Dass es früher oder später zu einer sozialen Revolte im arabischen Raum kommen würde, ist bereits seit einigen Jahren absehbar. Schon im Jahr 2002 warnten Berichte des UNDP (United Nations Development Programme) vor bevorstehenden Volkserhebungen. In dessen Arab Regional Report wurde aufgezeigt, dass es in den 1990er Jahren in der gesamten Welt zu umfassenden politischen und gesellschaftlichen Veränderungen gekommen war, während die arabische Welt still stand. Dafür gab es vorwiegend zwei Gründe: Fehlende Freiheit und das Brachliegen der Hälfte der geistigen Ressourcen, sprich der weiblichen Bevölkerung.
Die demografische Tatsache, dass die Hälfte der Bevölkerung in beinahe allen 22 Ländern der arabischen Liga unter 25 Jahre alt ist, und der problematische Arbeitsmarkt gelten letztendlich als Auslöser für die Aufstände. Nicht mangelnde Bildung, sondern fehlende, adäquate Beschäftigung führte zu einer Revolte der zornigen, jungen Männer. Ohne Verbindungen oder Kontakte gibt es für einen Großteil der gut ausgebildeten, jungen Bevölkerung keine Chance auf einen geeigneten Arbeitsplatz.
Trotz unterschiedlicher, länderspezifischer Situationen und Gesellschaften sind gewisse Gemeinsamkeiten wie diese berufliche Perspektivenlosigkeit, aber auch die fehlende Angst vor dem Maktoub (Schicksal) auf dem Weg, die Würde zurück zu erobern, und die revoltierende Schicht der bürgerlichen Mittelklasse, erkennbar. Die Aufstände, die in der arabischen Welt gerade vor sich gehen, gleichen einer bürgerlichen Revolution. Vergleiche mit dem Fall des Eisernen Vorhangs 1989 aber auch mit den europaweiten, bürgerlich-revolutionären Erhebungen von 1848, liegen nahe.

Die Umstände, die zu den jetzigen Revolten geführt haben, hätten allerdings schon vor mehreren Jahren zu Aufständen führen können, möglicherweise haben aber die Kriege im Irak und in Afghanistan diese Entwicklungen hinausgezögert – dieser Meinung ist zumindest Volker Perthes von der Berliner Stiftung für Wissenschaft und Politik.

Durch den jetzigen Zeitpunkt der Revolutionen in den Staaten Nordafrikas und des Nahen Osten läßt sich  ein aktueller Trend neuer Kommunikation, –die sozialen Netzwerke, feststellen.

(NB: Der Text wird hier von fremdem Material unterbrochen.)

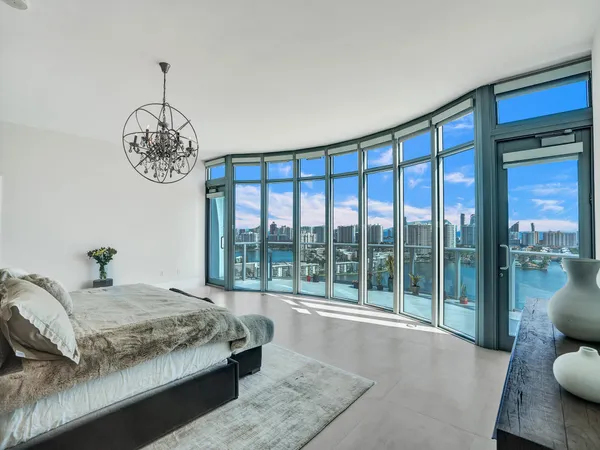 $16,995 | 17301 Biscayne Boulevard, North Miami Beach, FL 33160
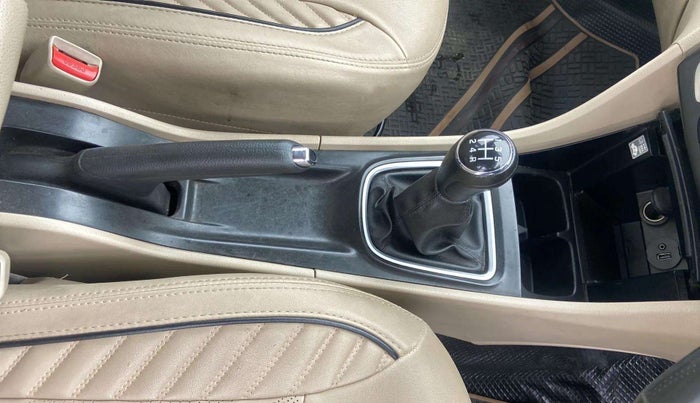 2022 Maruti Ciaz ZETA 1.5 SHVS MT PETROL, Petrol, Manual, 72,034 km, Gear Lever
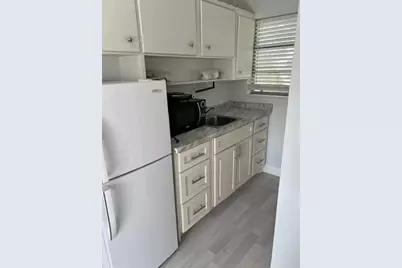 935 NE 33rd St, Oakland Park, FL 33334 - Photo 20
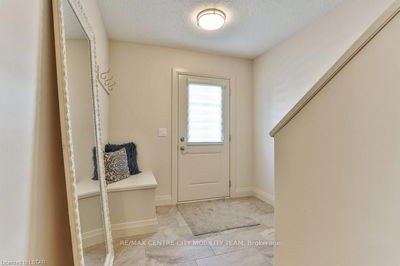 Unit 69 — 1040 Coronation Dr, London -  image-0-3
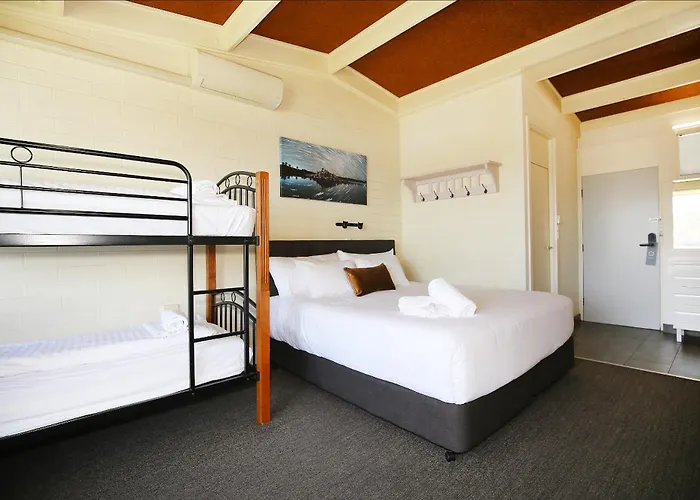 Lake Jindabyne Hotel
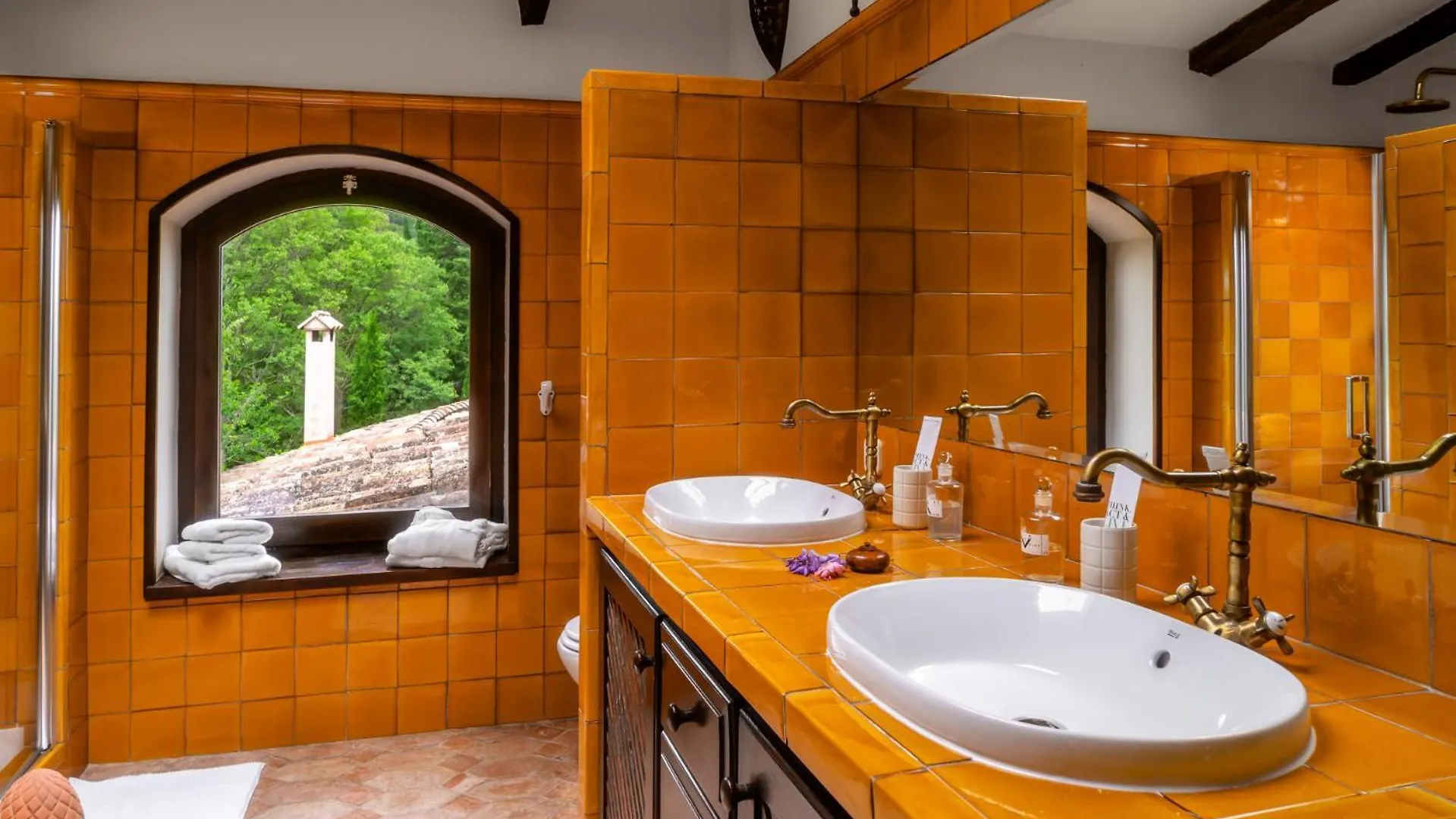 *** Hotel Can Serola Sales de Llierca Spain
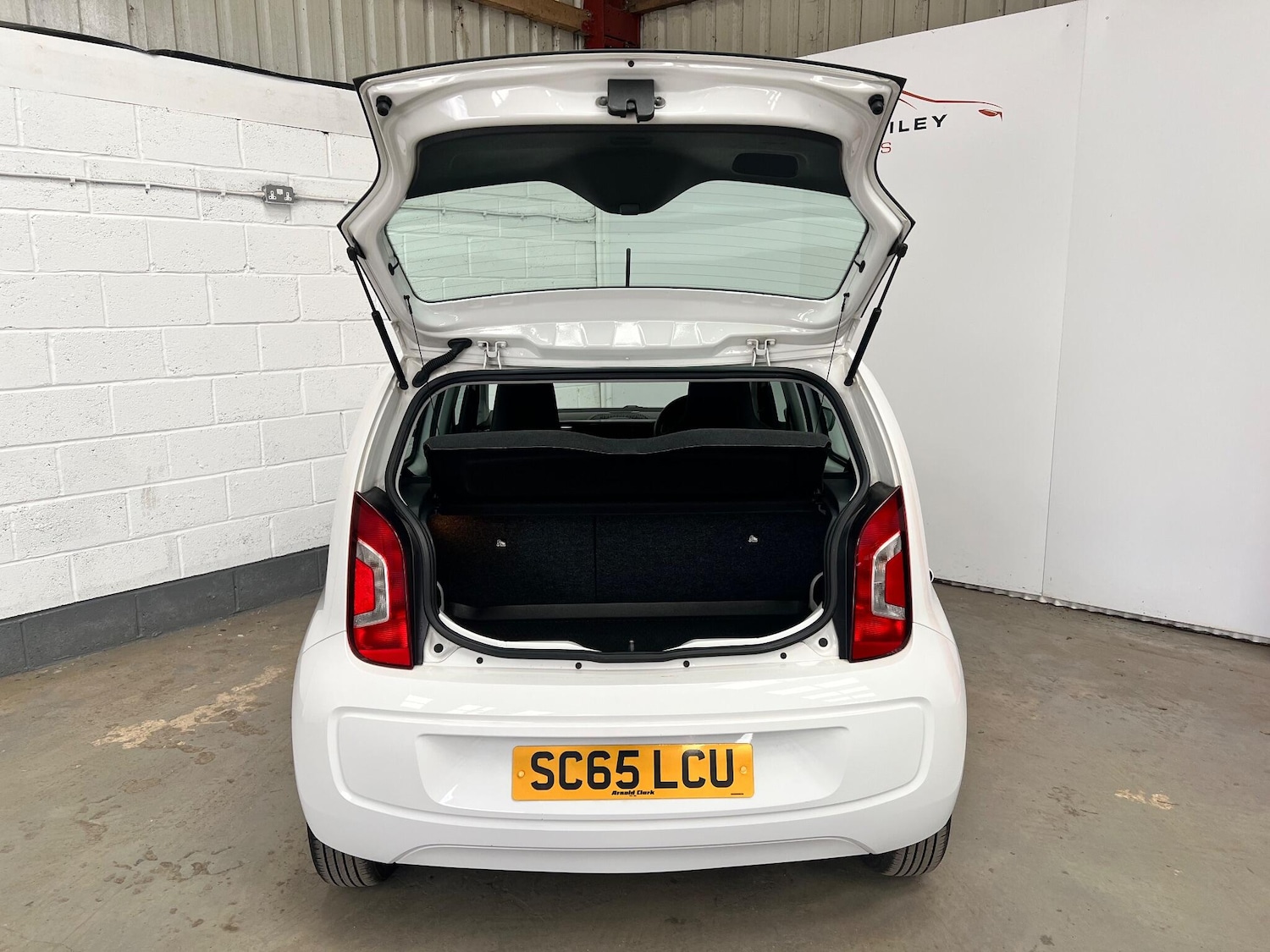 Used Volkswagen up! 2015 for sale - 77839215: Photo 9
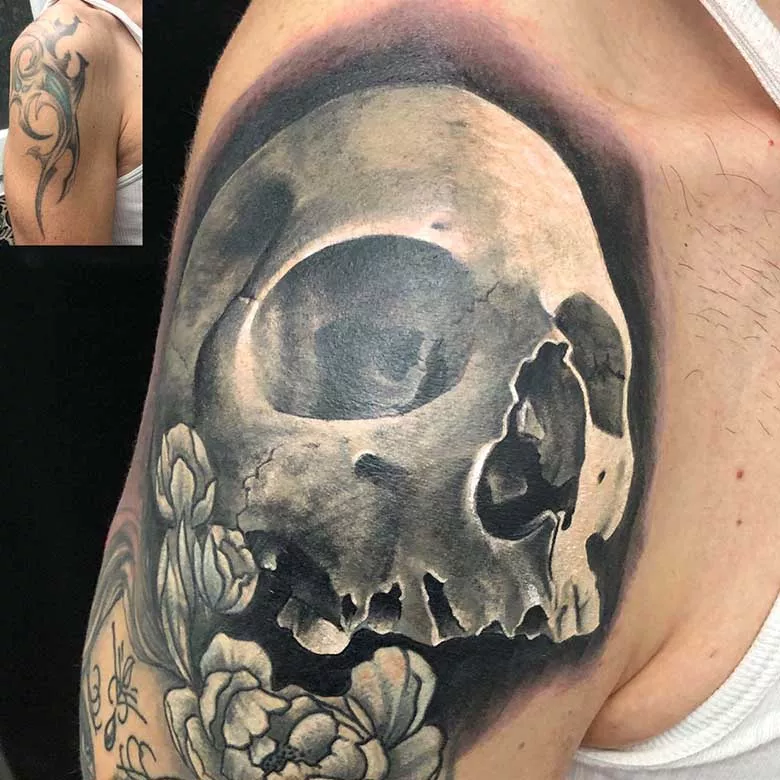 Cover Up Schädel Tattoo mit Blumen tattoostudio münchen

Diese hatten zweifelsohne eine große Rolle für die Organisation der Proteste, allerdings handelte es sich – wie oft in den Medien kommuniziert und von Verfechtern des Web 2.0 jubelnd verkündet – bei den Aufständen im arabischen Raum noch lange nicht um eine „Facebook-Revolution“. Social Networks wie Facebook und Twitter stellten lediglich eine zusätzliche Möglichkeit der Kommunikation dar. Einen wesentlicheren Einfluss hatte der arabische Nachrichtensender Al Jazeera, der durch Berichte über Missstände und Korruption maßgebender Motor der Proteste war.
Die momentanen Umbrüche passieren zu einem besonders schwierigen Zeitpunkt in der Weltwirtschaft. Explodierende Lebensmittelpreise  – Weizenpreise sind binnen kurzer Zeit um 55 Prozent gestiegen – und hohe Staatsverschuldung erschweren zusätzlich einen wirtschaftlichen Neubeginn in arabischen Ländern.

Aber auch wenn der bevorstehende Wandel der arabischen Welt mit Rück- und Niederschlägen konfrontiert sein wird, kann bekanntlich keine Macht der Welt eine Idee aufhalten, deren Zeit gekommen ist.